- Work item -
Skip the pictures, please, and write out exactly every line from the one containing "Tunnels #1 Roderick" through the end of the listing below.

- Material for the task -
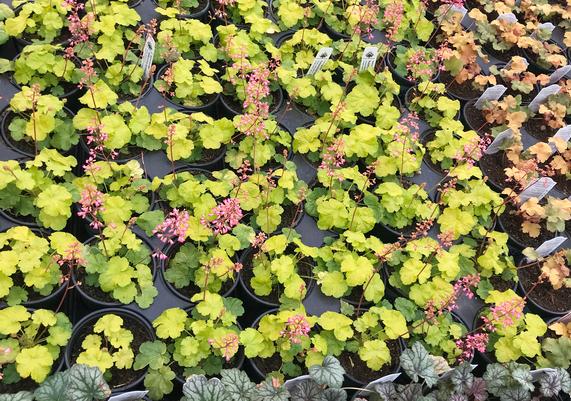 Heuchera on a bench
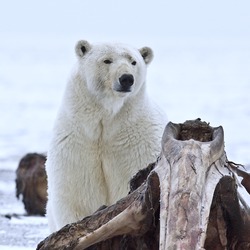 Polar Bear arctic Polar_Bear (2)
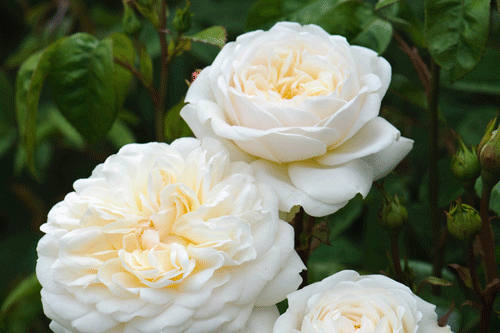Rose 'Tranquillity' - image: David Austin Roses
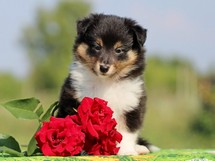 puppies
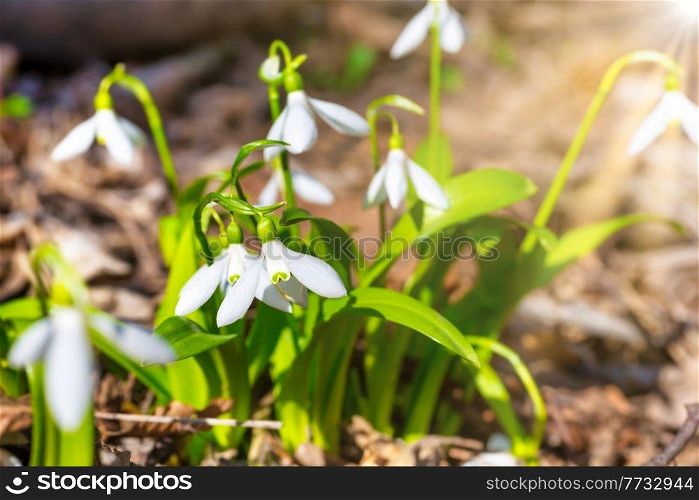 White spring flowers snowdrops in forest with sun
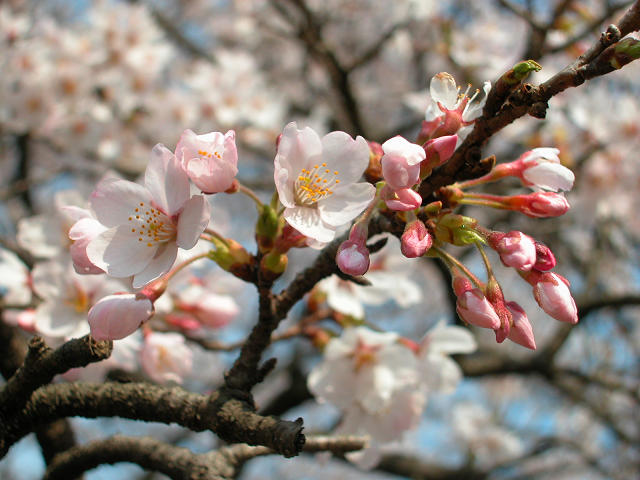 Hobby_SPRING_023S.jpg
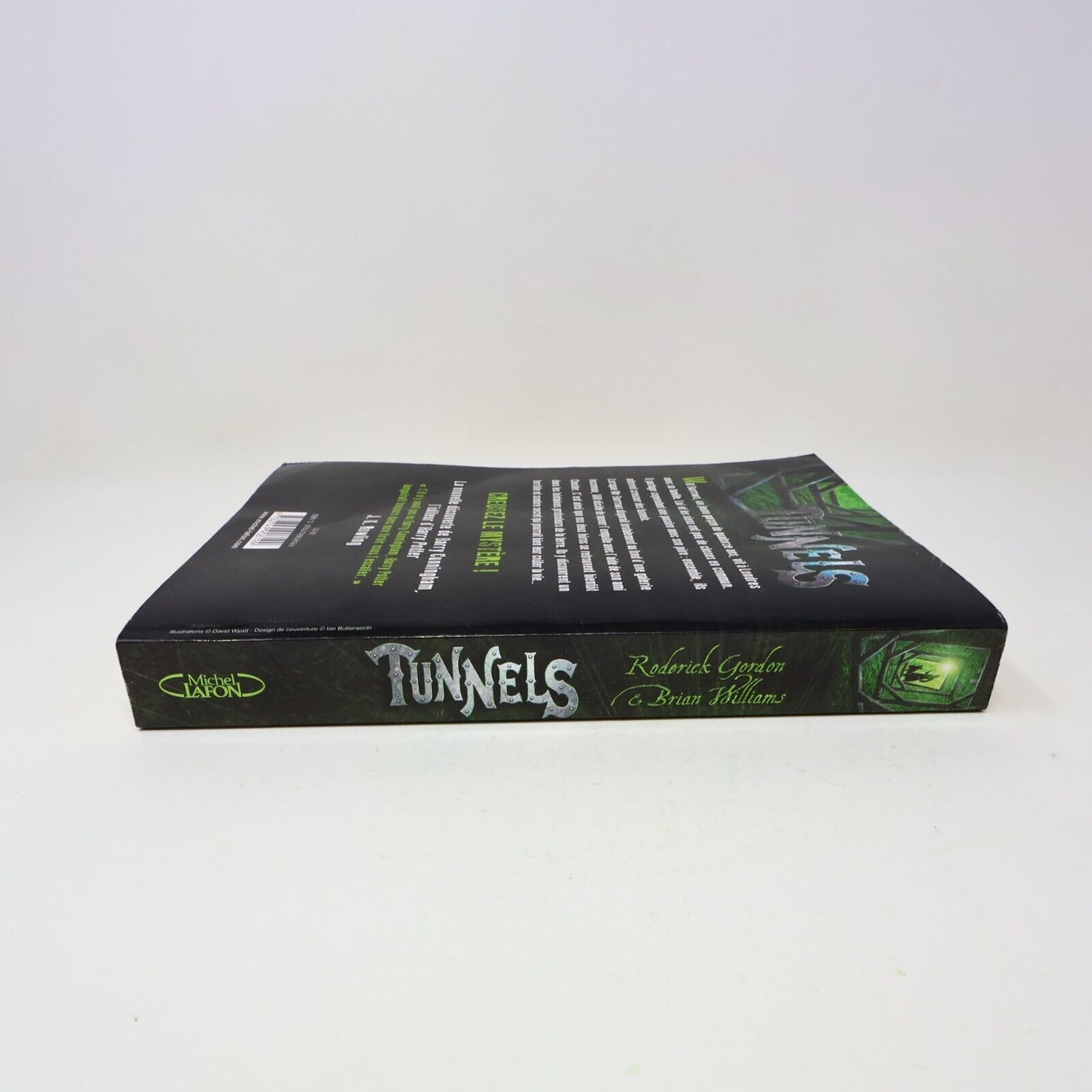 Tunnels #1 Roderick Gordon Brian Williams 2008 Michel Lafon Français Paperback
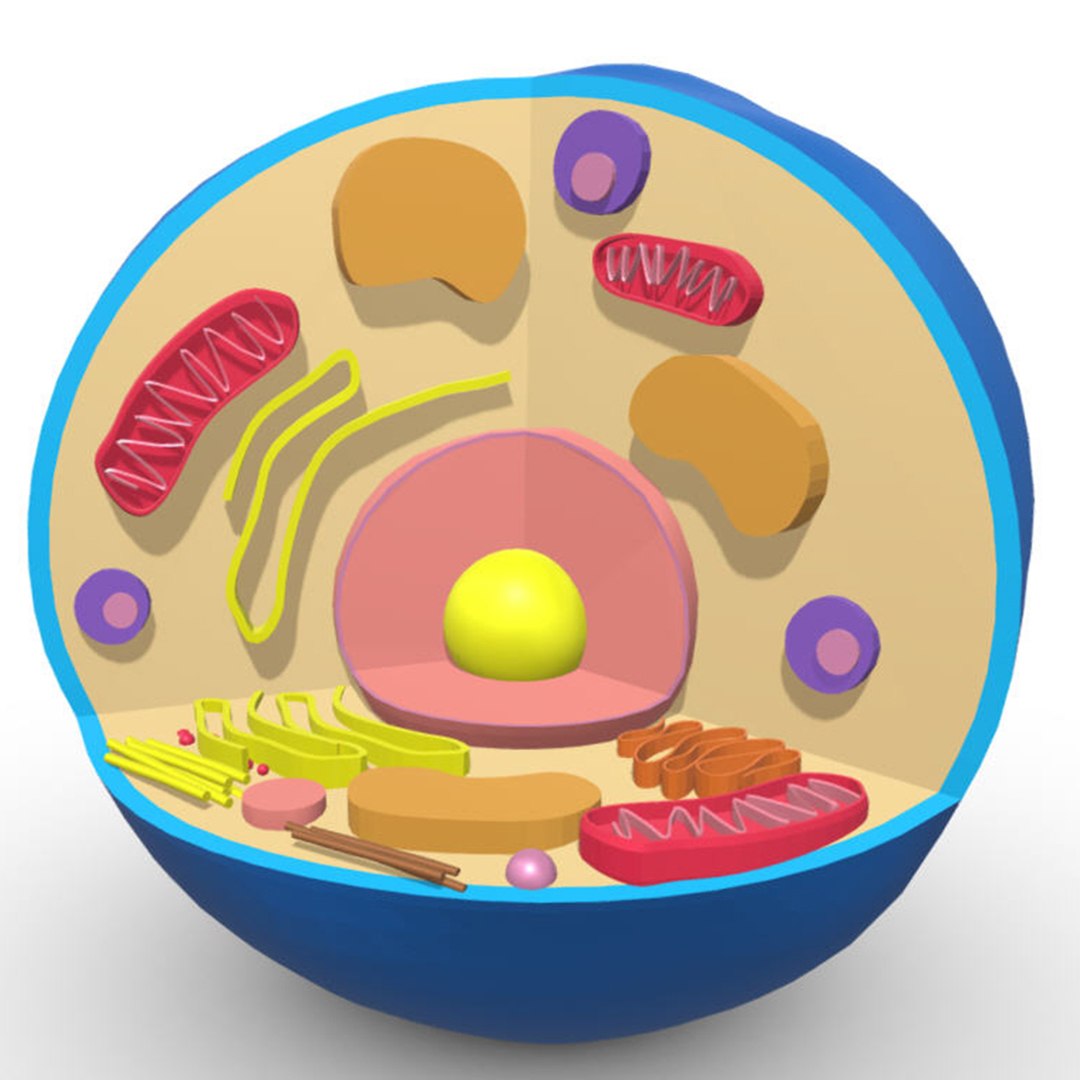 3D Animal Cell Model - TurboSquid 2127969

- Written answer -
 Tunnels #1 Roderick Gordon Brian Williams 2008 Michel Lafon Français Paperback
 3D Animal Cell Model - TurboSquid 2127969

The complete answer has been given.